What freelance founding design taught me

Vision alignment at the start saves redesign time at the end. The founder workshops in week one felt slow. In hindsight they were the most leveraged investment of the whole engagement. Every design decision that got made quickly later in the project was only possible because we'd already aligned on the vision, the non-negotiables, and the product principles upfront. With founders who have strong opinions, investing in that alignment early is non-negotiable.
Freelance presentations are design reviews and sales pitches simultaneously. When you're not on the payroll, every stakeholder session carries more weight — decisions get made, not deferred. This forced me to structure every presentation around the decision that needed to be made, not just the work I'd done. That discipline made the reviews faster, cleaner, and more productive than most in-house review cycles I'd experienced.
Remote team leadership without authority requires over-communication by design. You can't nudge a designer in Kuala Lumpur by walking over to their desk. Clarity in written briefs, explicit ownership in Figma, and structured async feedback became the leadership tools. The designers didn't need management — they needed context, clarity, and a shared standard to work toward.
Figma documentation is the product when you're not in the same room as the dev team. I've always annotated Figma files, but this project raised the bar significantly. The CTO couldn't ask me a quick question in a hallway — the file had to anticipate every implementation question before it was asked. That standard of documentation is now something I bring to every project regardless of whether the team is remote.

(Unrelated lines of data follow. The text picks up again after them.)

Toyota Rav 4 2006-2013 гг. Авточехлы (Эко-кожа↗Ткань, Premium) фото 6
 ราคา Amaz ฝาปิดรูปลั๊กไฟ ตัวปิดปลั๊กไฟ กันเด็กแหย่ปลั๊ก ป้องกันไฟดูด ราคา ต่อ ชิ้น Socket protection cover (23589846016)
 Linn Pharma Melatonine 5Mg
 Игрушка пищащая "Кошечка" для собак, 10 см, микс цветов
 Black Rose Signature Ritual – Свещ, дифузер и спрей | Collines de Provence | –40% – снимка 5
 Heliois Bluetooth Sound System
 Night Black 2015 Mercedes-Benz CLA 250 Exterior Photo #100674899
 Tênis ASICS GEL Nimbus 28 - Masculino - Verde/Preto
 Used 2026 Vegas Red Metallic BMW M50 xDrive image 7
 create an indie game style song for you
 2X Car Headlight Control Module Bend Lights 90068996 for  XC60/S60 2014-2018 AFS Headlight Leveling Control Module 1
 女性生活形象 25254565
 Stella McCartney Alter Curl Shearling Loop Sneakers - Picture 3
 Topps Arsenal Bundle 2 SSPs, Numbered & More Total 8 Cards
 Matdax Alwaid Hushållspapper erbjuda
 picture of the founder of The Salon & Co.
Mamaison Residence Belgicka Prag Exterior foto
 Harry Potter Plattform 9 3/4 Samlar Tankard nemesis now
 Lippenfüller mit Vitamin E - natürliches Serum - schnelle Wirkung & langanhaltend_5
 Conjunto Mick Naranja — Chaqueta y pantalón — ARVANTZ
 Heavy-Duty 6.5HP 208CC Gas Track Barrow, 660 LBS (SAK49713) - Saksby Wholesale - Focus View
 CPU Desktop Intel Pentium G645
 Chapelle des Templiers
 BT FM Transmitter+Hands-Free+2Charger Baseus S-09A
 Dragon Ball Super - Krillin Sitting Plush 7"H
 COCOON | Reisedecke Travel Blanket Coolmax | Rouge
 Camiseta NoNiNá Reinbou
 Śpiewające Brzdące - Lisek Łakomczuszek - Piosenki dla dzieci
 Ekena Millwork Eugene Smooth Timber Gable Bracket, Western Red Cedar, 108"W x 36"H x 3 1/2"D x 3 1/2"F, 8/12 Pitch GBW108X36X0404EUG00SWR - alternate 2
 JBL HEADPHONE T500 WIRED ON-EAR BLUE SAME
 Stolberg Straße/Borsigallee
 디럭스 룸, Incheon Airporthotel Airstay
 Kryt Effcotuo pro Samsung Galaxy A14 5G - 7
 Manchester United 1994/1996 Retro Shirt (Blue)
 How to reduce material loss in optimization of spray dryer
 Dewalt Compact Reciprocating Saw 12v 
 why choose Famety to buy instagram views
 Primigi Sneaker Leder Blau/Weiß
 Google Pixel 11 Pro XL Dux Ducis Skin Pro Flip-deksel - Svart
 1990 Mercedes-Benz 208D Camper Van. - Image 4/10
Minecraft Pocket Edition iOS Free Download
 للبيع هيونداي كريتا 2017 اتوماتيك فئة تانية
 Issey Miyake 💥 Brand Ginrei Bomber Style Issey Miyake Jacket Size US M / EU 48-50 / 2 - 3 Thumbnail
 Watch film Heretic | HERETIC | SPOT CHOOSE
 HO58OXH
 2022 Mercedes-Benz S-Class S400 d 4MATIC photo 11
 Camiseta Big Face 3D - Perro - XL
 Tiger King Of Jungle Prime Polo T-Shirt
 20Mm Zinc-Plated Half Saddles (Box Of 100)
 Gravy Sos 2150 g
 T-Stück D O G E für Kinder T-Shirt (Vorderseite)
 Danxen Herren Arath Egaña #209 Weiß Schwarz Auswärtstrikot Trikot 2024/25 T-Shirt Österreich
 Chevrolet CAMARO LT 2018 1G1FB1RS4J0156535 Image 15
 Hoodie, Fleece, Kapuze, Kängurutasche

If I were to revisit: I'd push harder for at least one round of genuine usability testing with buyers — not just founder and rider prototype reviews. The founders' deep MTB knowledge was invaluable, but it also created a potential blind spot: they already knew how to navigate the domain. A first-time buyer who was new to MTB parts would have surfaced different friction points in the compatibility filter that we may have missed.